Below are the records. Transcribe them exactly.

^^^^^^^^^^^^^^^^

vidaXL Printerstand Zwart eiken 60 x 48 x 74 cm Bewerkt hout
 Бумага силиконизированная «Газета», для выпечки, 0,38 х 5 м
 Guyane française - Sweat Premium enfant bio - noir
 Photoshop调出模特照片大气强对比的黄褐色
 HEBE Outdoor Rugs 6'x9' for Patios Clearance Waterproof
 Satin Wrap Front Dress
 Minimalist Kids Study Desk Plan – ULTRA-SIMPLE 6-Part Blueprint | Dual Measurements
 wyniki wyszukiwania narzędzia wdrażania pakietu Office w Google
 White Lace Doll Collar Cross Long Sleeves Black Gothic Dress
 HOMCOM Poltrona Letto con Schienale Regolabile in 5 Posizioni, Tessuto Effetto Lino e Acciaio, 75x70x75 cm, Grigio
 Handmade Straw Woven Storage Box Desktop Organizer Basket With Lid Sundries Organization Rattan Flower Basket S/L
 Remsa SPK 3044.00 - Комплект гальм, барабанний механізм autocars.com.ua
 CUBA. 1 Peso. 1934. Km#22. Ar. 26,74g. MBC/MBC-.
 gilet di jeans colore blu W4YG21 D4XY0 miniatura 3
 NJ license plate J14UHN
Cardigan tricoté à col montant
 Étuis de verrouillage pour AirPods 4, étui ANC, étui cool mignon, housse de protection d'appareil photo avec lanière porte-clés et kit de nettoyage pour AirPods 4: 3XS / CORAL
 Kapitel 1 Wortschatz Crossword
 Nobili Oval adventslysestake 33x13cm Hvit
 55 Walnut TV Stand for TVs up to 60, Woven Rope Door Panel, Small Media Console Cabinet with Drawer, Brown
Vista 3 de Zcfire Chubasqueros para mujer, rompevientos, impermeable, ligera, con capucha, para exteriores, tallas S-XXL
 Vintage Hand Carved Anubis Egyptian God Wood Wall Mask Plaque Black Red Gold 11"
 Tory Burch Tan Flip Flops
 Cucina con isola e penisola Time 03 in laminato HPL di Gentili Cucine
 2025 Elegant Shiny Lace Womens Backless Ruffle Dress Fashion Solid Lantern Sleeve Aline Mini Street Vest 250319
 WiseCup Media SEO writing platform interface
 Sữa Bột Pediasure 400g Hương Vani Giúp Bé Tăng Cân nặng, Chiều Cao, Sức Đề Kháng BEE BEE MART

^^^^^^^^^^^^^^^^

§ RESPONSE BOX
vidaXL Printerstand Zwart eiken 60 x 48 x 74 cm Bewerkt hout
 Бумага силиконизированная «Газета», для выпечки, 0,38 х 5 м
 Guyane française - Sweat Premium enfant bio - noir
 Photoshop调出模特照片大气强对比的黄褐色
 HEBE Outdoor Rugs 6'x9' for Patios Clearance Waterproof
 Satin Wrap Front Dress
 Minimalist Kids Study Desk Plan – ULTRA-SIMPLE 6-Part Blueprint | Dual Measurements
 wyniki wyszukiwania narzędzia wdrażania pakietu Office w Google
 White Lace Doll Collar Cross Long Sleeves Black Gothic Dress
 HOMCOM Poltrona Letto con Schienale Regolabile in 5 Posizioni, Tessuto Effetto Lino e Acciaio, 75x70x75 cm, Grigio
 Handmade Straw Woven Storage Box Desktop Organizer Basket With Lid Sundries Organization Rattan Flower Basket S/L
 Remsa SPK 3044.00 - Комплект гальм, барабанний механізм autocars.com.ua
 CUBA. 1 Peso. 1934. Km#22. Ar. 26,74g. MBC/MBC-.
 gilet di jeans colore blu W4YG21 D4XY0 miniatura 3
 NJ license plate J14UHN
Cardigan tricoté à col montant
 Étuis de verrouillage pour AirPods 4, étui ANC, étui cool mignon, housse de protection d'appareil photo avec lanière porte-clés et kit de nettoyage pour AirPods 4: 3XS / CORAL
 Kapitel 1 Wortschatz Crossword
 Nobili Oval adventslysestake 33x13cm Hvit
 55 Walnut TV Stand for TVs up to 60, Woven Rope Door Panel, Small Media Console Cabinet with Drawer, Brown
Vista 3 de Zcfire Chubasqueros para mujer, rompevientos, impermeable, ligera, con capucha, para exteriores, tallas S-XXL
 Vintage Hand Carved Anubis Egyptian God Wood Wall Mask Plaque Black Red Gold 11"
 Tory Burch Tan Flip Flops
 Cucina con isola e penisola Time 03 in laminato HPL di Gentili Cucine
 2025 Elegant Shiny Lace Womens Backless Ruffle Dress Fashion Solid Lantern Sleeve Aline Mini Street Vest 250319
 WiseCup Media SEO writing platform interface
 Sữa Bột Pediasure 400g Hương Vani Giúp Bé Tăng Cân nặng, Chiều Cao, Sức Đề Kháng BEE BEE MART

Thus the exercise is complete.